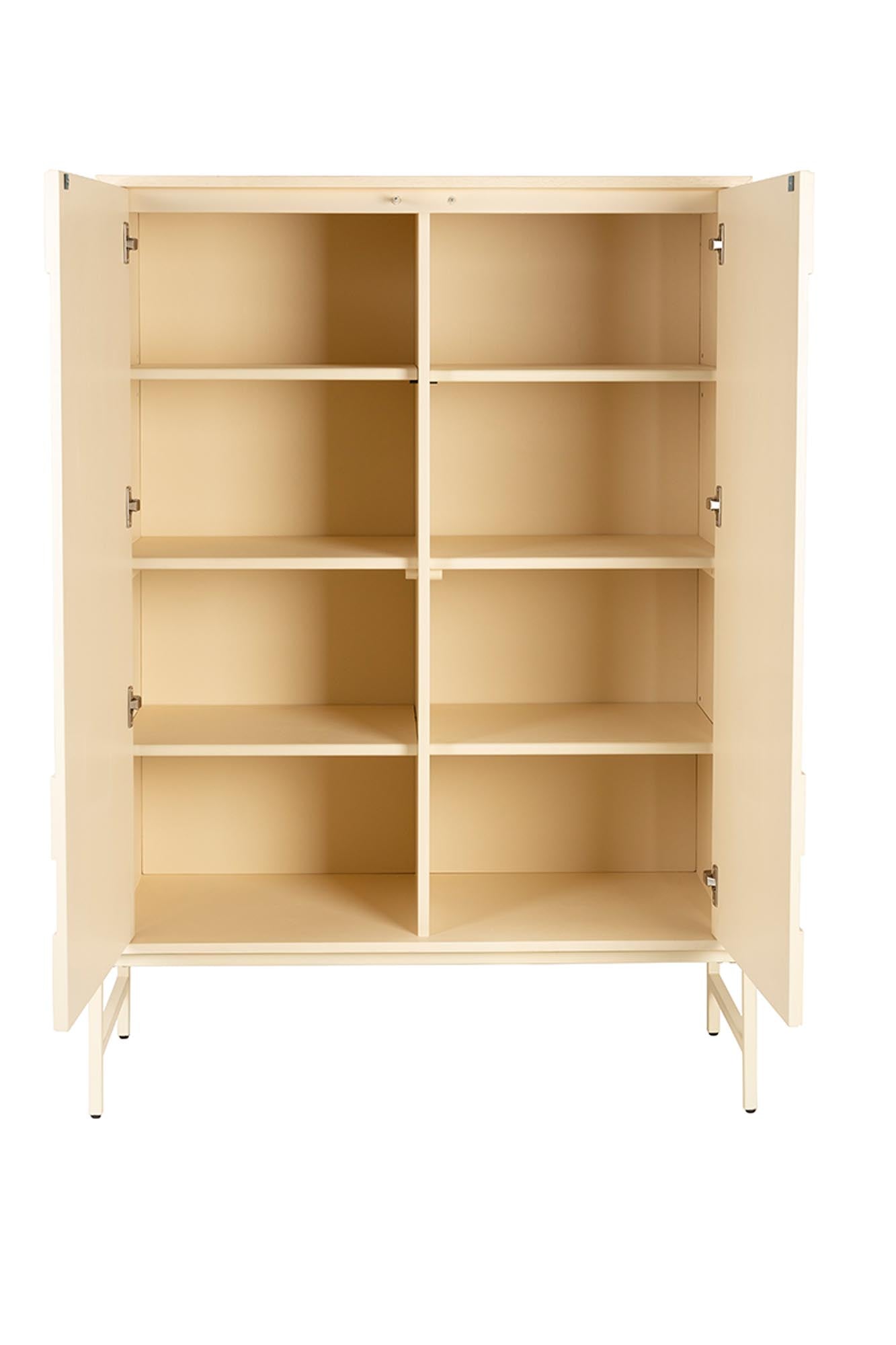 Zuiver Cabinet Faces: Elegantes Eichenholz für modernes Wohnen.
- - - -
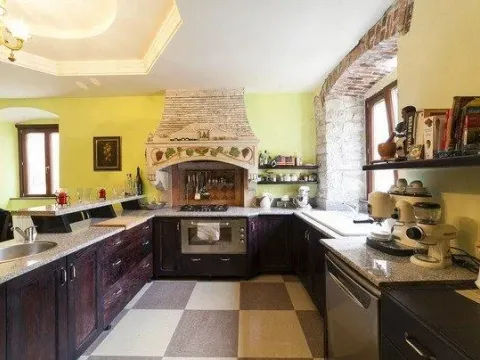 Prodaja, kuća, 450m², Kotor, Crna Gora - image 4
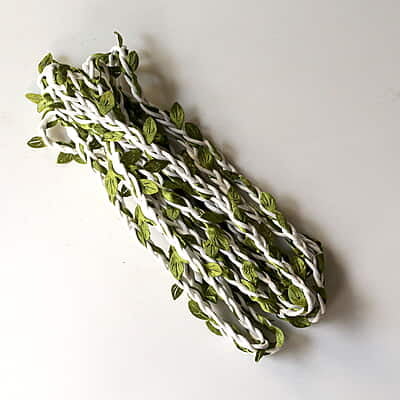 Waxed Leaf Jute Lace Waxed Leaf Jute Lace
- - - -
■ **What you need to do**: Working from the entries above, reproduce exactly and only the lines beginning with the line that has "Prodaja, kuća, 450m², Kotor, Crna" and ending with the line that has "Waxed Leaf Jute Lace Waxed Leaf Jute Lace"; omit all pictures.

■ **The completed task**:
 Prodaja, kuća, 450m², Kotor, Crna Gora - image 4
 Waxed Leaf Jute Lace Waxed Leaf Jute Lace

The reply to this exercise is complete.